**YOUR INSTRUCTIONS:** Beginning at the line that contains "Najel Набір (soap/190g", output each line exactly through the end of the records, and drop any pictures.

(Dataset entries)

....

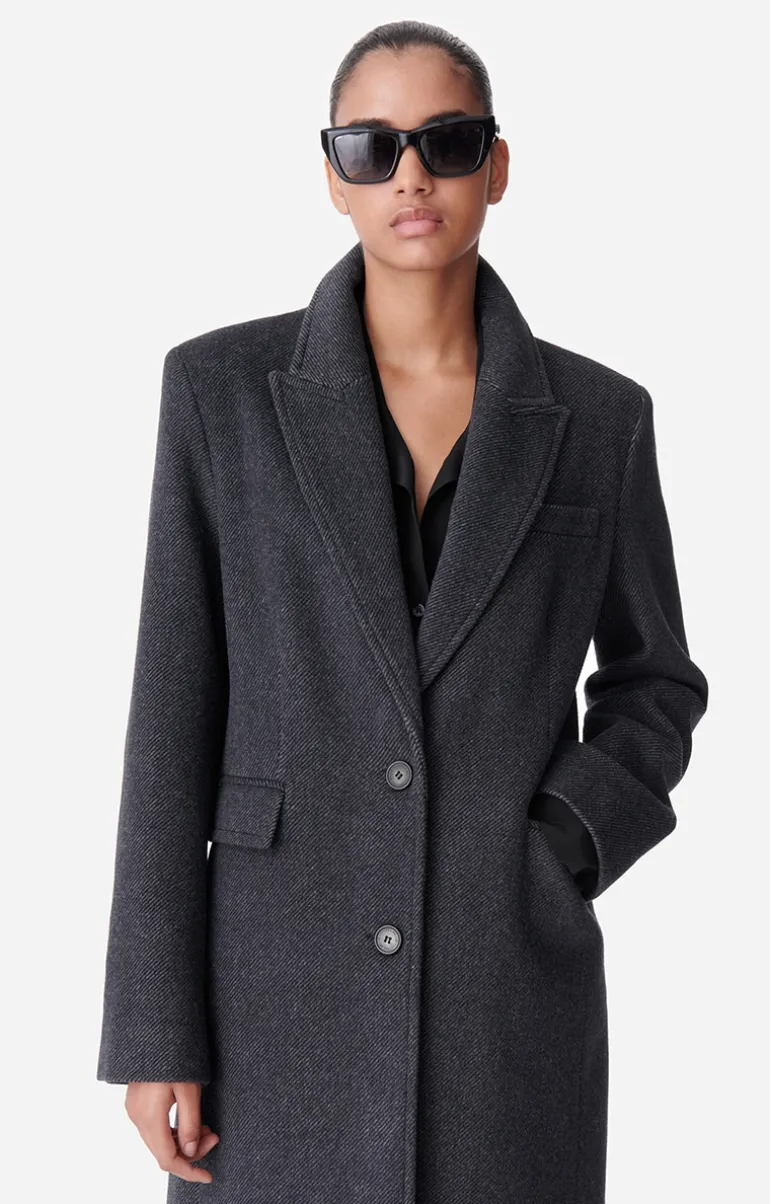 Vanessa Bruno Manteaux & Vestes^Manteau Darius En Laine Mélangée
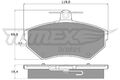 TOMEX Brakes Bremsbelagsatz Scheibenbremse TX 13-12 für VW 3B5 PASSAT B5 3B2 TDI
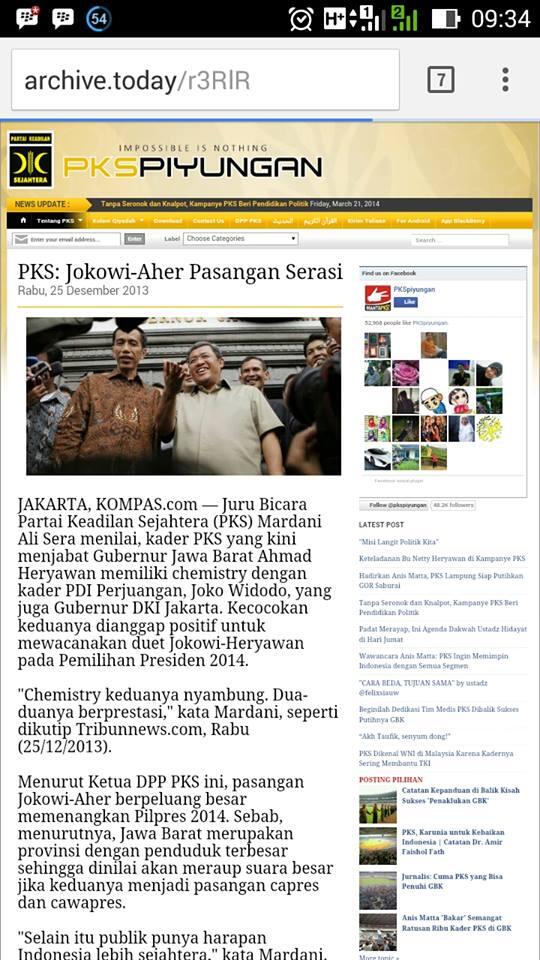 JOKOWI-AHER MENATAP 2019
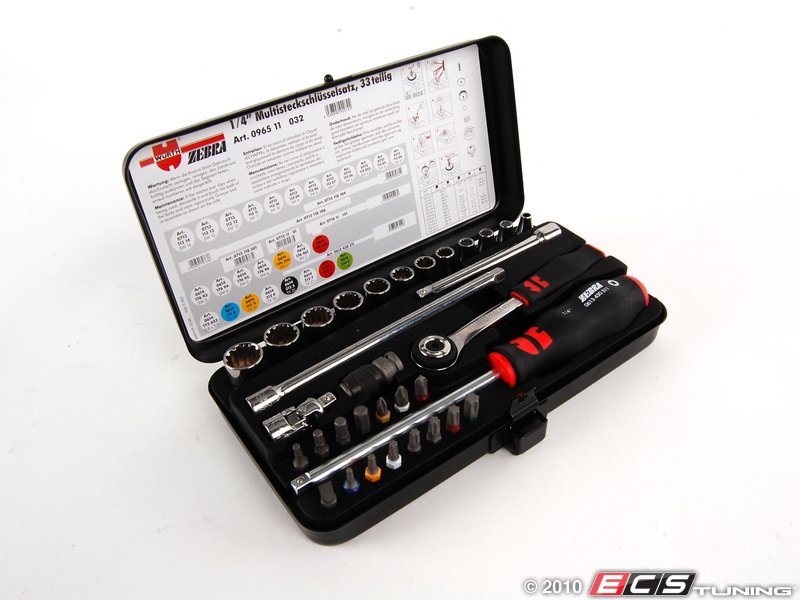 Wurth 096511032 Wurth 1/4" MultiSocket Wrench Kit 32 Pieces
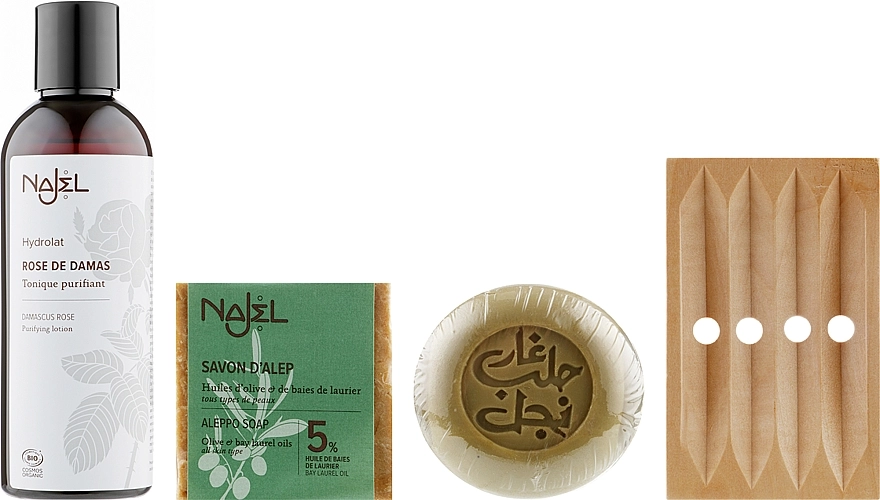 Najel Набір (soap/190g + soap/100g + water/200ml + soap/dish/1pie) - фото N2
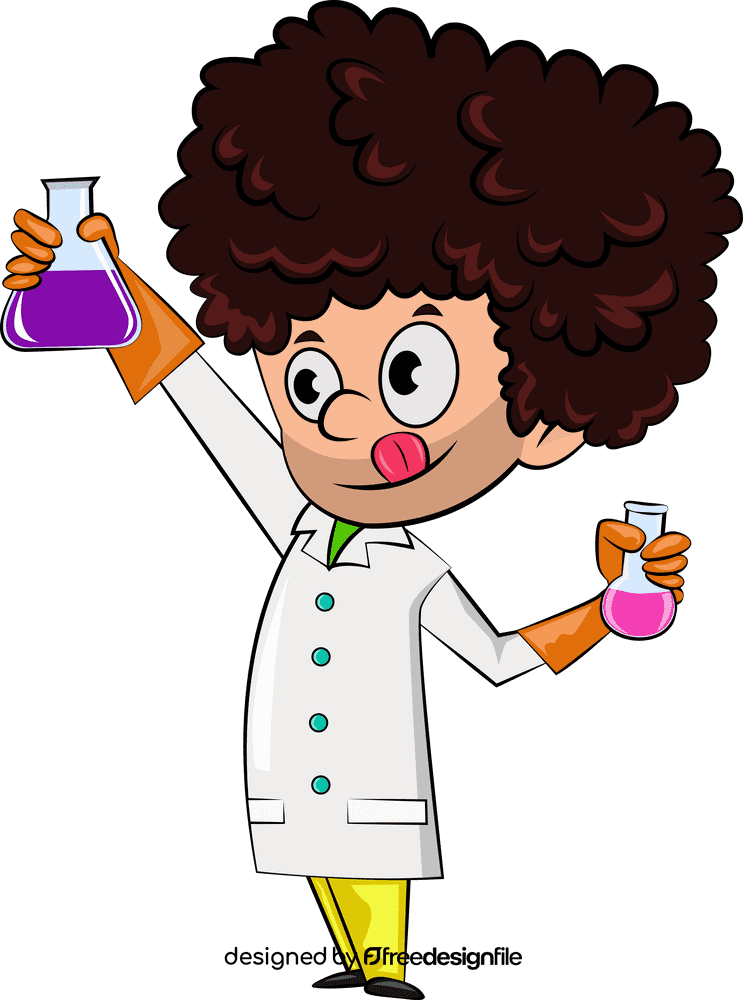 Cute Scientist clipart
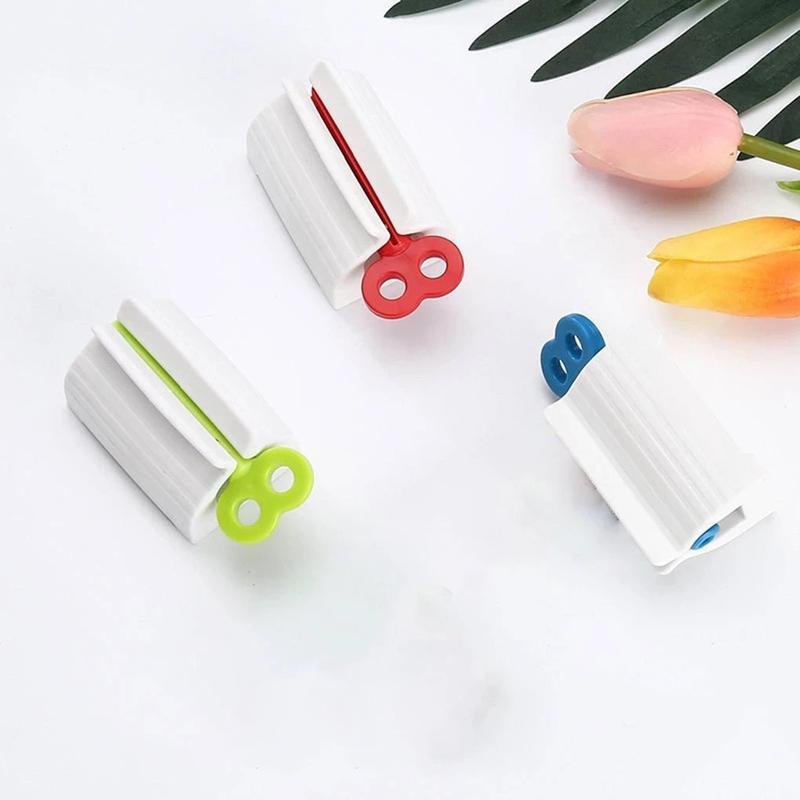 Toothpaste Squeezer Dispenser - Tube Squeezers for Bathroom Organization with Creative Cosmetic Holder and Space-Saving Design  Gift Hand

....

**OUTPUT FOR THIS TASK:**
 Najel Набір (soap/190g + soap/100g + water/200ml + soap/dish/1pie) - фото N2
 Cute Scientist clipart
 Toothpaste Squeezer Dispenser - Tube Squeezers for Bathroom Organization with Creative Cosmetic Holder and Space-Saving Design  Gift Hand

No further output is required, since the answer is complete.